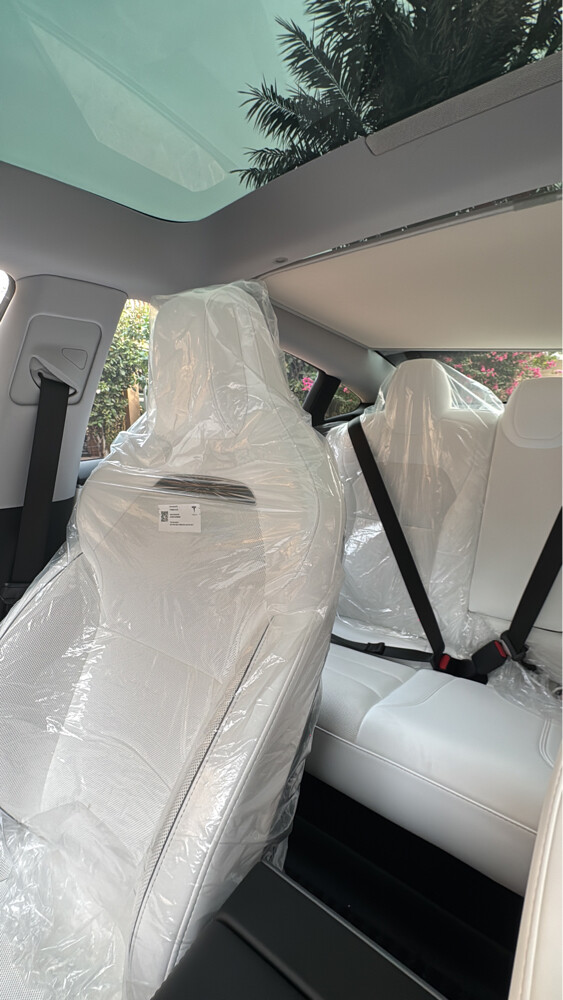 tesla 3 performance qtr agency - 5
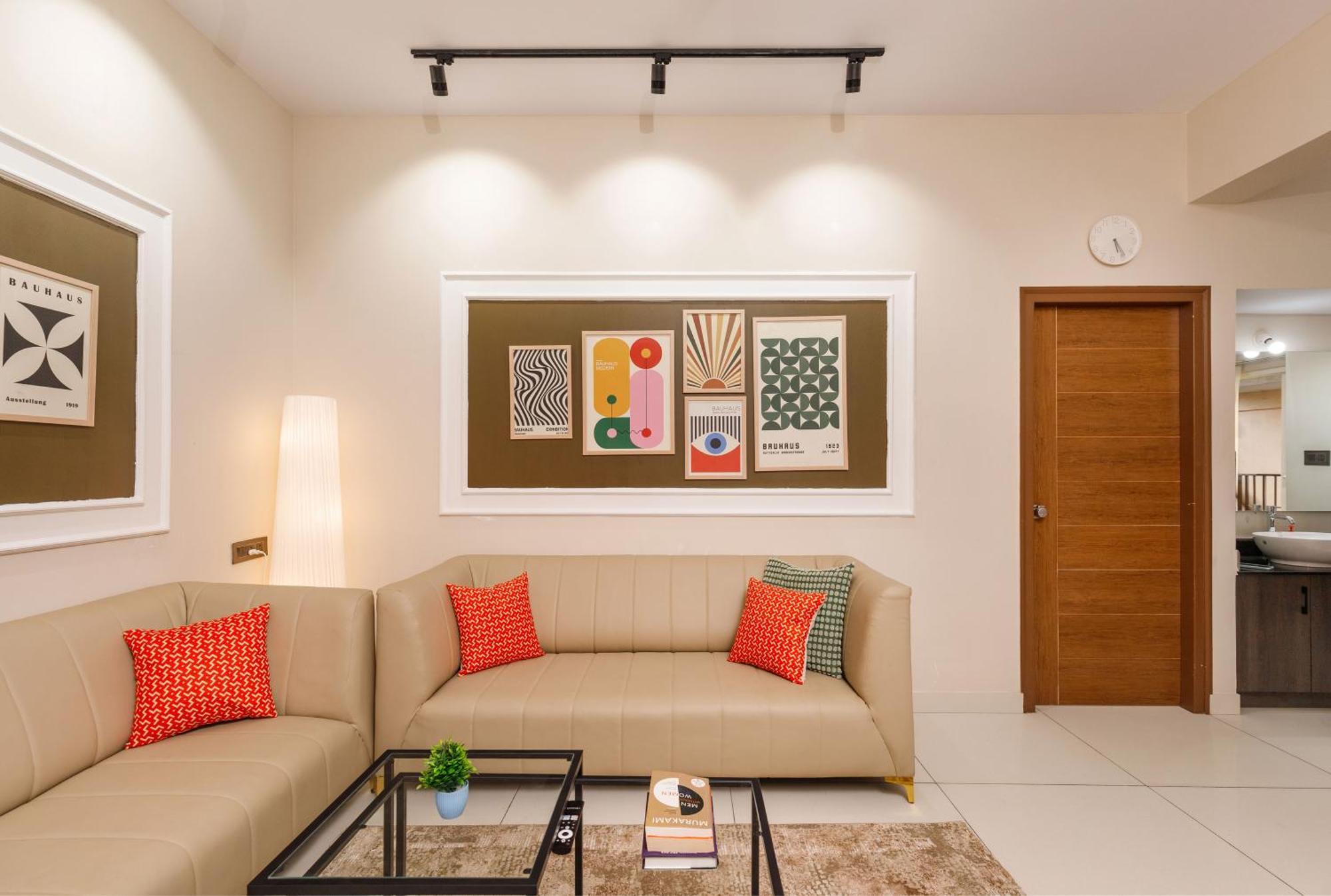Olive Service Apartments - Koramangala Бангалор Екстериор снимка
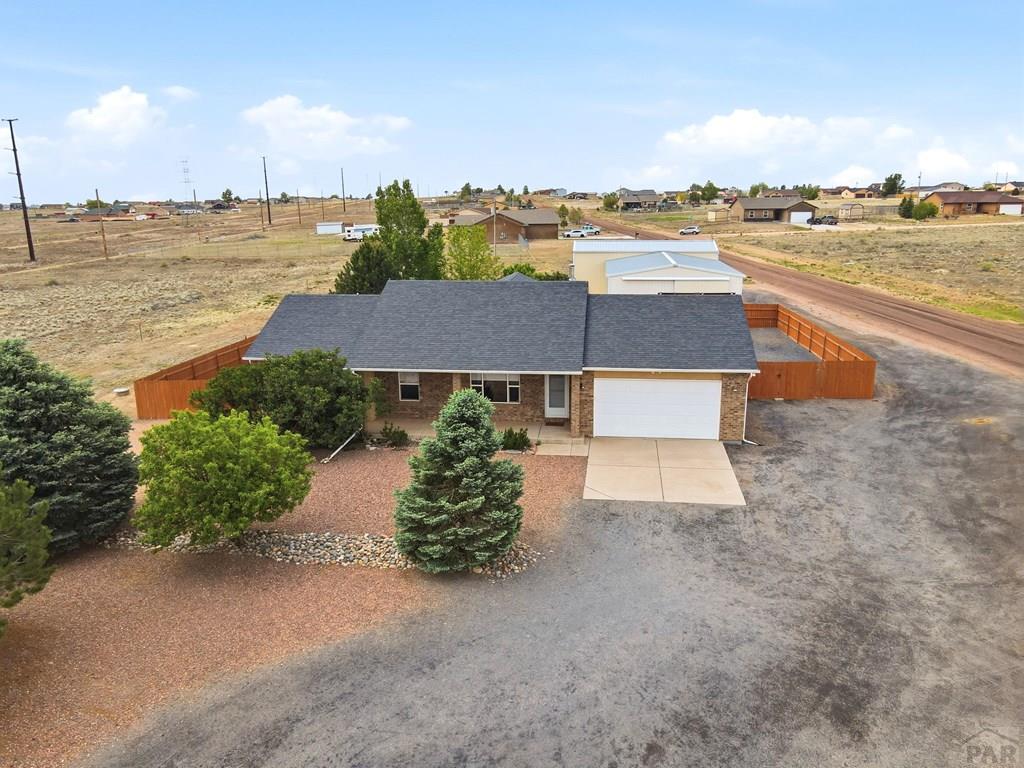 1008 E Kirkwood Dr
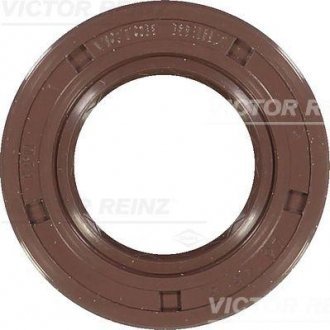 Уплотнительное кольцо VICTOR REINZ 81-38536-00 (фото 1)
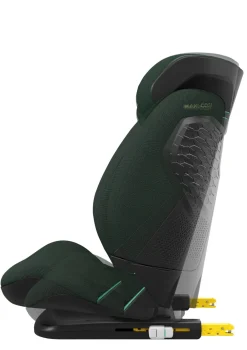 Folgesitz 'RodiFix Pro 2 i-Size' Authentic Green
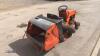 WESTWOOD S800 ride on mower c/w collector (manual in office) - 4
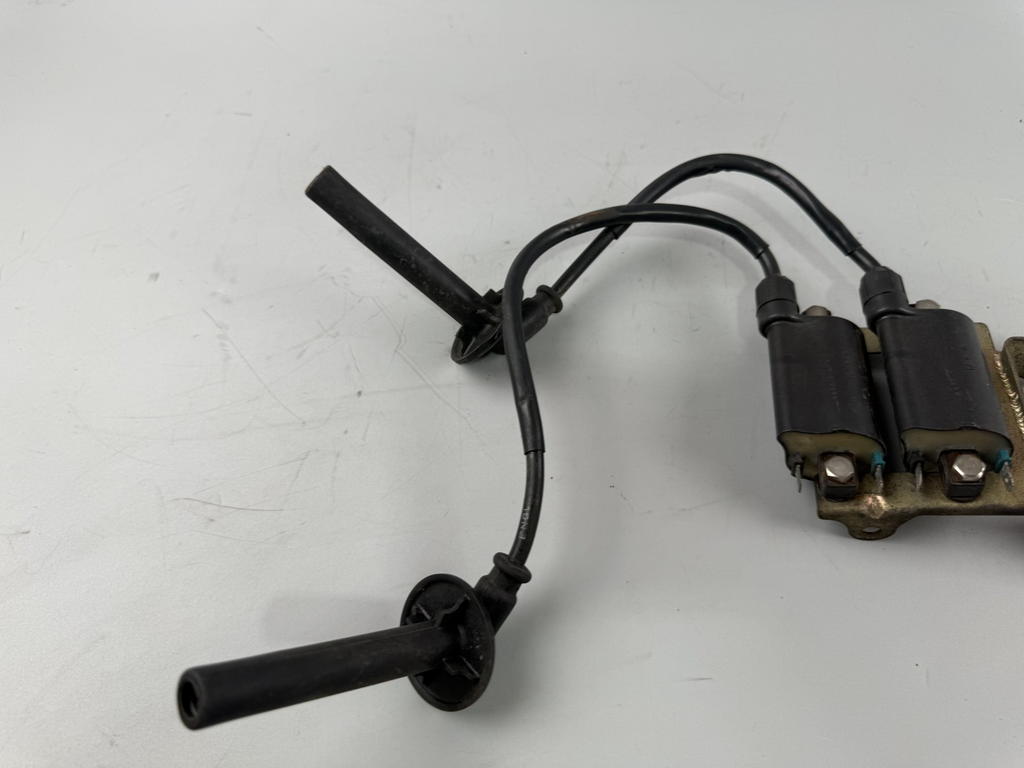 Honda CB500 PC26 Zündspulen Zündstecker Zündkabel Ignition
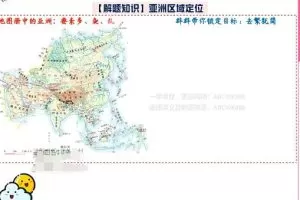 【2022寒季】高二尖端班地理，王群名师带你实现高效提分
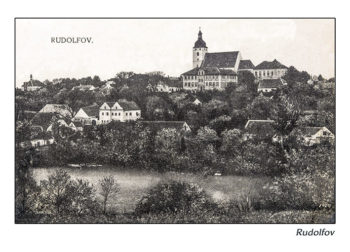Rudolfov 10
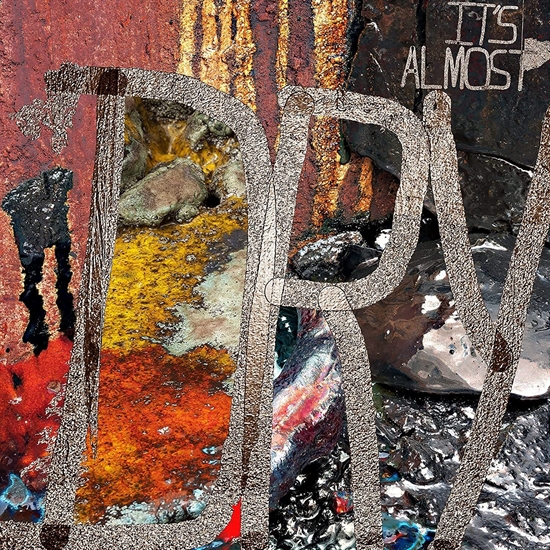 Pusha T: It\'s Almost Dry (Vinyl)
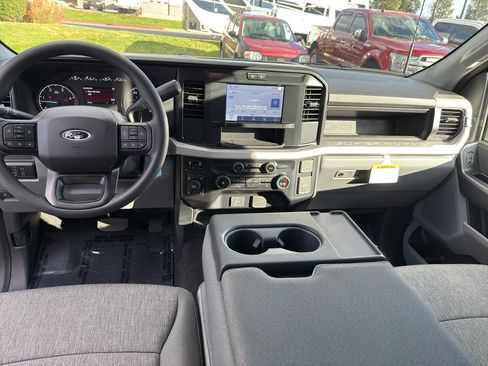 New 2026 Ford F250 XL w/ STX Appearance Package image 29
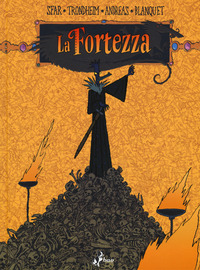 FORTEZZA 2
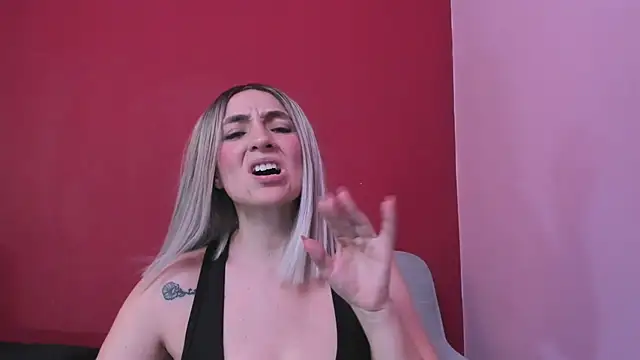 แชท XXX สดของ Kate_bunny_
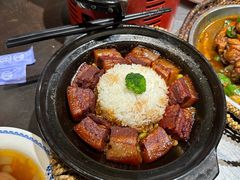 -黄三怪(清河店)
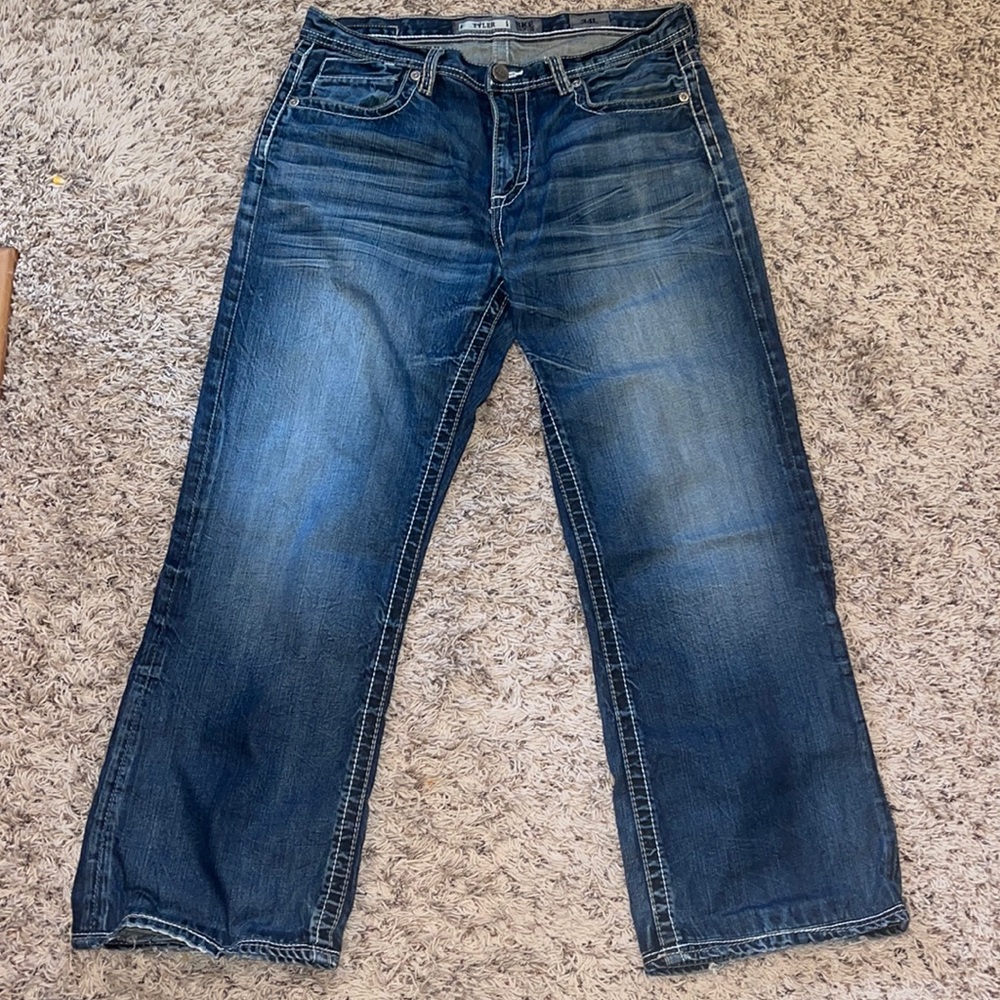Mens BKE Jeans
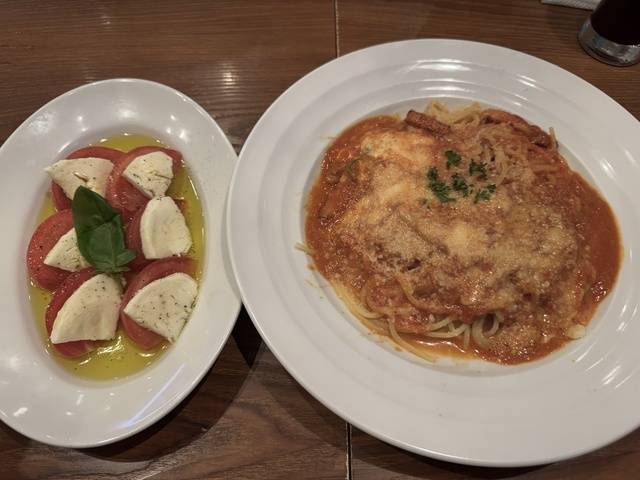 お知らせがあります。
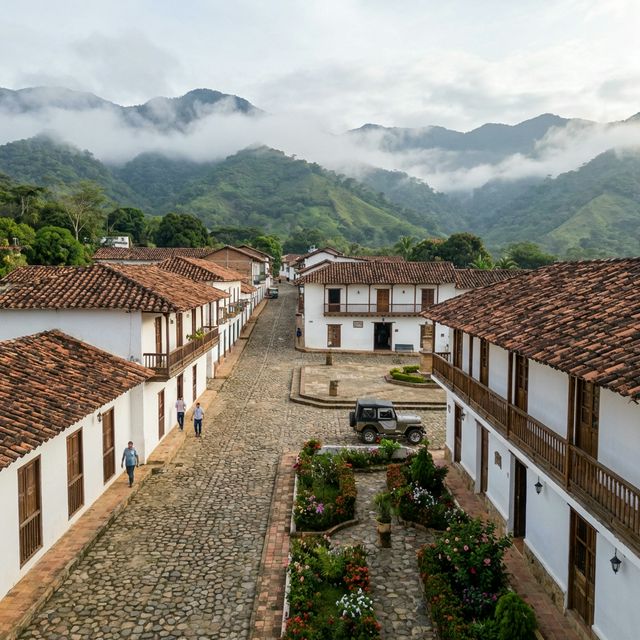 González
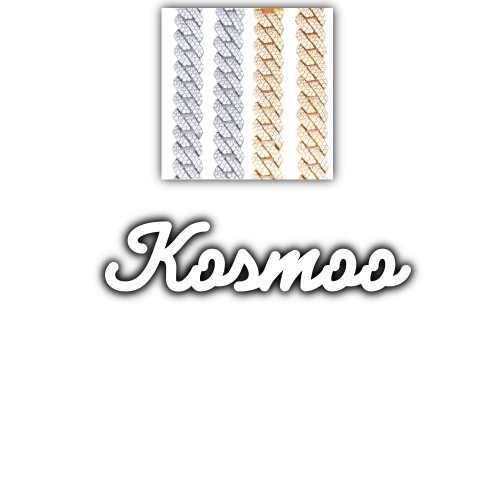 Script Custom Letter Necklace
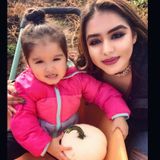Flexible experienced babysitter/nanny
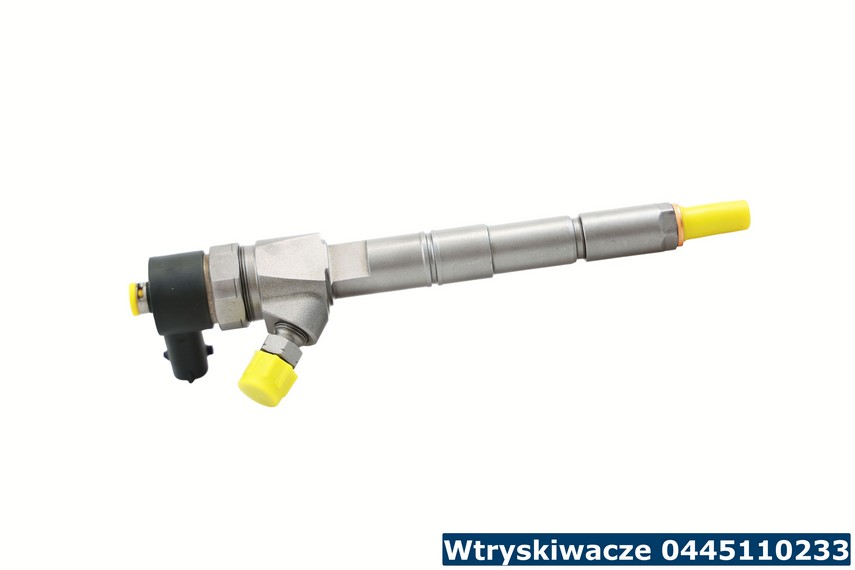 Wtrysk Diesel Bosch 0445110233
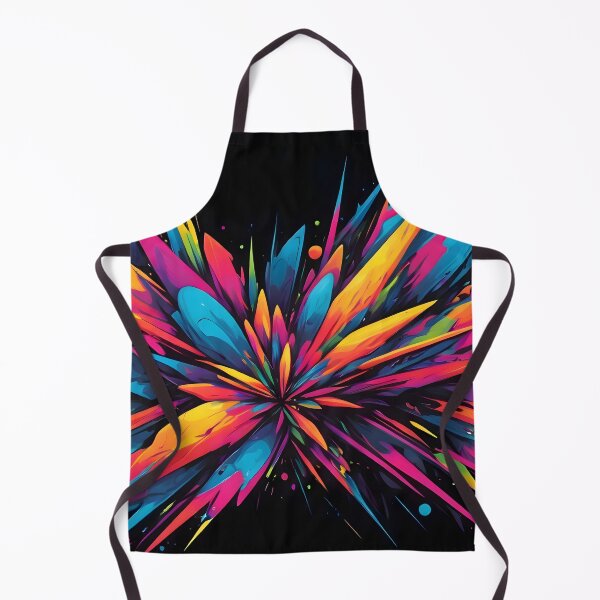 Item preview, Chromatic Chaos designed and sold by papi1998.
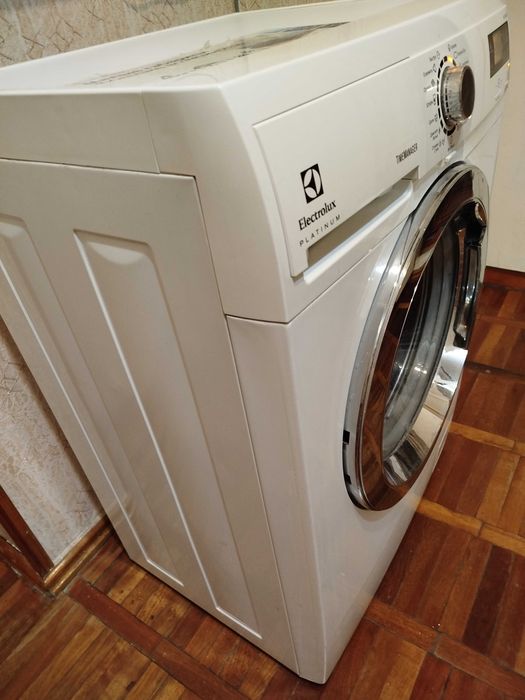 Стиральная машина Electrolux Platinum 7kg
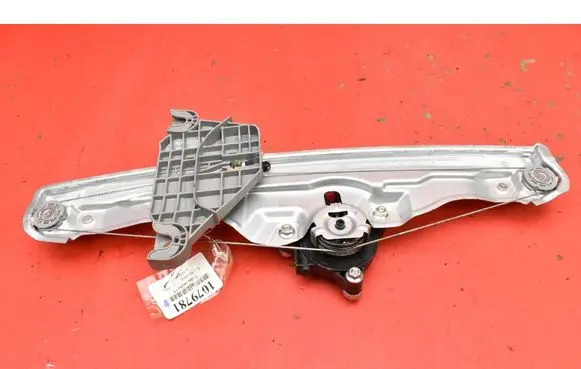 KIA Sportage Rear door window regulator with motor 82450R2000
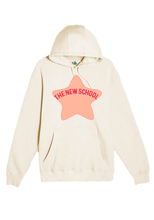 Load image into Gallery viewer, The New School Star Lane Seven Hoodie
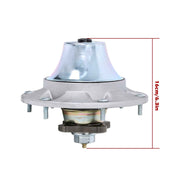 DURAFORCE For John Deere Z970A Z970R Z994R TCA24880 Spindle Assembly TCA17517 TCA20639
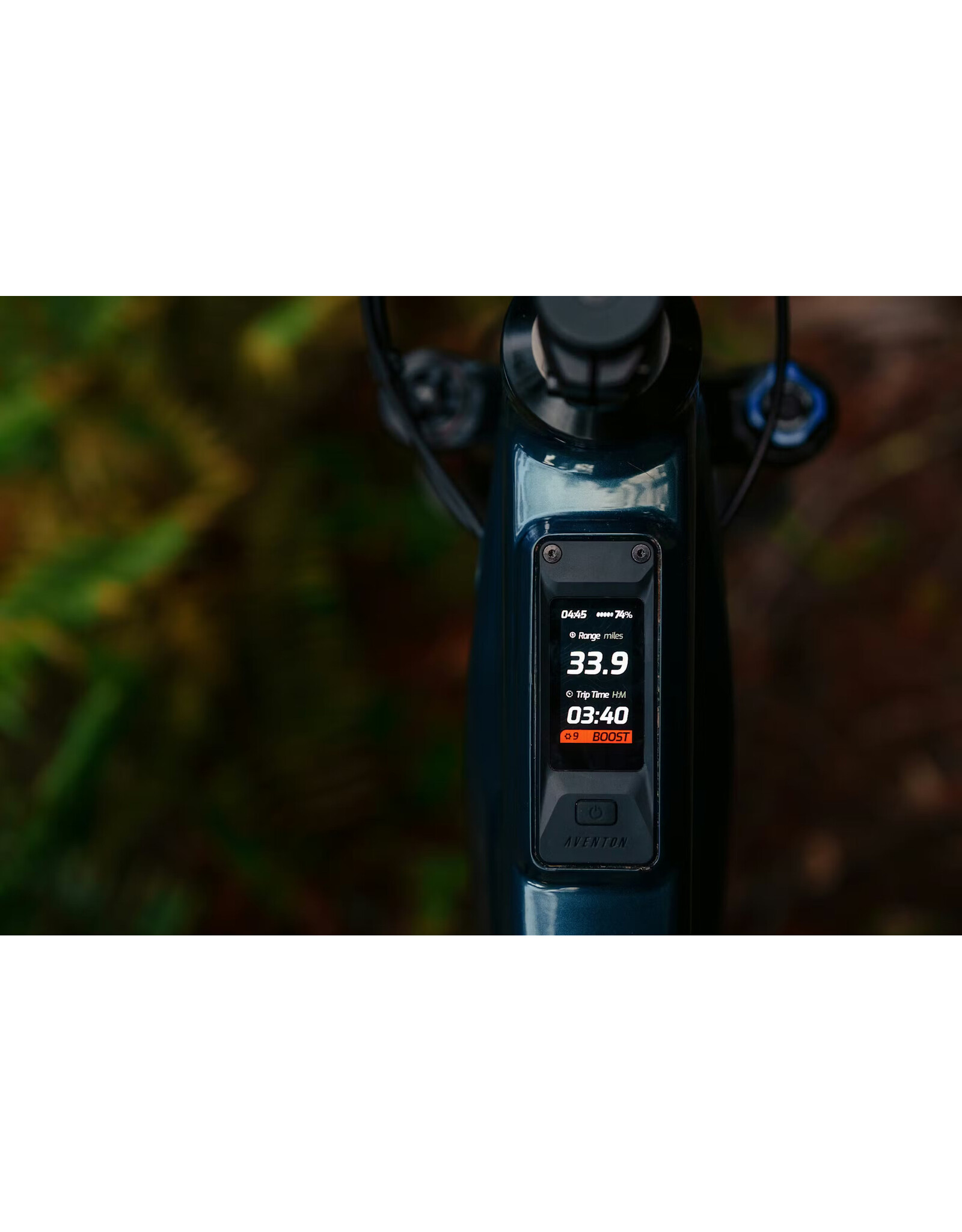 Aventon Aventon Current ADV, XL- Blue Onyx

HOW TO COMPLETE THIS TASK >>
The line containing "Folgesitz 'RodiFix Pro" and every line after it, through the end of the data, are to be output exactly. Omit the pictures.

TASK RESULT >>
 Folgesitz 'RodiFix Pro 2 i-Size' Authentic Green
 WESTWOOD S800 ride on mower c/w collector (manual in office) - 4
 Honda CB500 PC26 Zündspulen Zündstecker Zündkabel Ignition
 【2022寒季】高二尖端班地理，王群名师带你实现高效提分
Rudolfov 10
 Pusha T: It\'s Almost Dry (Vinyl)
 New 2026 Ford F250 XL w/ STX Appearance Package image 29
 FORTEZZA 2
 แชท XXX สดของ Kate_bunny_
 -黄三怪(清河店)
Mens BKE Jeans
 お知らせがあります。
 González
 Script Custom Letter Necklace
Flexible experienced babysitter/nanny
 Wtrysk Diesel Bosch 0445110233
 Item preview, Chromatic Chaos designed and sold by papi1998.
 Стиральная машина Electrolux Platinum 7kg
 KIA Sportage Rear door window regulator with motor 82450R2000
 Load image into Gallery viewer, The New School Star Lane Seven Hoodie
 DURAFORCE For John Deere Z970A Z970R Z994R TCA24880 Spindle Assembly TCA17517 TCA20639
 Aventon Aventon Current ADV, XL- Blue Onyx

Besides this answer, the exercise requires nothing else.